MUGEN: Evaluating and Improving Multi-audio Understanding of Large Audio-Language Models
AI 摘要
论文提出了MUGEN基准测试LALMs的多音频理解能力,并提出了改进策略。
主要贡献
- 提出了MUGEN基准测试
- 揭示了LALMs在多音频理解方面的弱点
- 提出了Audio-Permutational Self-Consistency和Chain-of-Thought策略来提升性能
方法论
通过构建MUGEN基准测试,评估LALMs在多音频场景下的表现,并探索无训练策略进行优化。
原文摘要
While multi-audio understanding is critical for large audio-language models (LALMs), it remains underexplored. We introduce MUGEN, a comprehensive benchmark evaluating this capability across speech, general audio, and music. Our experiments reveal consistent weaknesses in multi-audio settings, and performance degrades sharply as the number of concurrent audio inputs increases, identifying input scaling as a fundamental bottleneck.
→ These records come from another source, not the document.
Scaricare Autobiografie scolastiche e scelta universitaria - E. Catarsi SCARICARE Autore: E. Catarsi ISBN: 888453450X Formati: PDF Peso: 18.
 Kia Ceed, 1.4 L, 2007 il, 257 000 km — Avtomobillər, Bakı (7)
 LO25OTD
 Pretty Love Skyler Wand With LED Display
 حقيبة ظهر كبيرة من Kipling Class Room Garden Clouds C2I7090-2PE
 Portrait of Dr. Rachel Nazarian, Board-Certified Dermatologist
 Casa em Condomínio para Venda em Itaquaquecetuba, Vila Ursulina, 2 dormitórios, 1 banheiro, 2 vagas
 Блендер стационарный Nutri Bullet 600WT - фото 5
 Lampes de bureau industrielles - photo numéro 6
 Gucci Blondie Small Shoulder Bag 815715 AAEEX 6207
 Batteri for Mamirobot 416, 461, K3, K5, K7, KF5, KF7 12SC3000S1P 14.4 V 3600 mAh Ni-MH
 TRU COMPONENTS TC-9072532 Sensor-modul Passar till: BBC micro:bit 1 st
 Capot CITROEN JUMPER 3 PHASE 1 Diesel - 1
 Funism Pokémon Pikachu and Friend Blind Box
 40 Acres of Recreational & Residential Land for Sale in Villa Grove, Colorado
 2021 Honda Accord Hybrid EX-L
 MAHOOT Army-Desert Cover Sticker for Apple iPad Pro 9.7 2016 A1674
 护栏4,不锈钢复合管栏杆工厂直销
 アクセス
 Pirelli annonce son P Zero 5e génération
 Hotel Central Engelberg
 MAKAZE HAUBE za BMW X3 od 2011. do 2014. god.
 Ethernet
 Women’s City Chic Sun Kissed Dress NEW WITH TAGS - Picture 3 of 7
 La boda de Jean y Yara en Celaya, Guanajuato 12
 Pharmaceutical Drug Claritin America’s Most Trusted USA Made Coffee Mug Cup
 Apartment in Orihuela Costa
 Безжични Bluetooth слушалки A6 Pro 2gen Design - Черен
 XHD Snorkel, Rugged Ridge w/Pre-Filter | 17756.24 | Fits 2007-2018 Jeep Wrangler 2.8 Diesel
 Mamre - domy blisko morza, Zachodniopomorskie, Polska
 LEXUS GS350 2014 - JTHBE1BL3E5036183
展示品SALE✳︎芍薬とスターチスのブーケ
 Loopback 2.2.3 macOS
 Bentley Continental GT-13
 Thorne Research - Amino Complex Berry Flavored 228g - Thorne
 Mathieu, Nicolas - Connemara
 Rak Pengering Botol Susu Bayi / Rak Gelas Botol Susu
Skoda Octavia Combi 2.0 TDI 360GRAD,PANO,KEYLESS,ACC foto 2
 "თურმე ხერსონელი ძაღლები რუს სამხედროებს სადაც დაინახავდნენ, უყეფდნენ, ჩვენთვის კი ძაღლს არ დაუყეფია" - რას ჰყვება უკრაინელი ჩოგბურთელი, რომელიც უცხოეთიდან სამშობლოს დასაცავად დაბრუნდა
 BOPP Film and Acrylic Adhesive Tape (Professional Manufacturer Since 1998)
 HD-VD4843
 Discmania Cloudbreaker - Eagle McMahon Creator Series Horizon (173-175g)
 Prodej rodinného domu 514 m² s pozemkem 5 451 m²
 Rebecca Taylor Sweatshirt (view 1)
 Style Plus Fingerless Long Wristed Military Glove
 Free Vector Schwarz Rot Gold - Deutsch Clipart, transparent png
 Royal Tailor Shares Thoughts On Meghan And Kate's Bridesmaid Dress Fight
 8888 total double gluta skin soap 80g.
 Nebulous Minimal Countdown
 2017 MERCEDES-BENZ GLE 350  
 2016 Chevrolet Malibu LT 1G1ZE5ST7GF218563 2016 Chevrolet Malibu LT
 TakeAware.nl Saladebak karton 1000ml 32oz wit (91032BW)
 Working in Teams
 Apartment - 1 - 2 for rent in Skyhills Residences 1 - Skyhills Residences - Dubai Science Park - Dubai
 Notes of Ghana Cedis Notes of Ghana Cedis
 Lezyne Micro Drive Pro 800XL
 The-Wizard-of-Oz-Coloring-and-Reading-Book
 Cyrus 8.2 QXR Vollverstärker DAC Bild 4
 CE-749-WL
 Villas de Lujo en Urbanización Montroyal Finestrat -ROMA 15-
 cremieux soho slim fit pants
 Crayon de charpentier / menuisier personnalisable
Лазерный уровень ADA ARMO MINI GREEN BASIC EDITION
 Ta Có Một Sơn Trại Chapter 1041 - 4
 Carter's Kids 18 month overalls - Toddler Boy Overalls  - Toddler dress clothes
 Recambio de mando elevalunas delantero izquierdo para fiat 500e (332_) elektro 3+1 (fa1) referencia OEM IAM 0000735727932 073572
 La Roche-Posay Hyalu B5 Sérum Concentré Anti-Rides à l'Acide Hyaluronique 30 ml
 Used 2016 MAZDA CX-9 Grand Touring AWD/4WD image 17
We further investigate training-free strategies and observe that Audio-Permutational Self-Consistency, which diversifies the order of audio candidates, helps models form more robust aggregated predictions, yielding up to 6.28% accuracy gains. Combining this permutation strategy with Chain-of-Thought further improves performance to 6.74%. These results expose blind spots in current LALMs and provide a foundation for evaluating complex auditory comprehension.